[Start of Attachment]

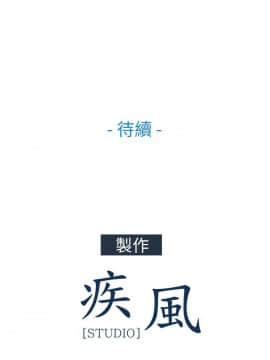 湘亞：積極追求攻勢 01-32話 第1季[完結]_003_0100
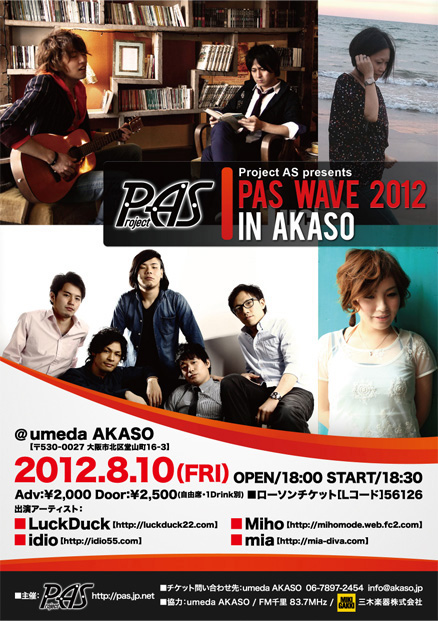 PAS wave 2012 in AKASO
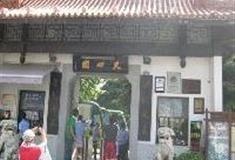 天心阁：天心阁正门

[End of Attachment]

Task brief
Word for word, quote the full listing, omitting every picture.

Response to this task
 湘亞：積極追求攻勢 01-32話 第1季[完結]_003_0100
 PAS wave 2012 in AKASO
 天心阁：天心阁正门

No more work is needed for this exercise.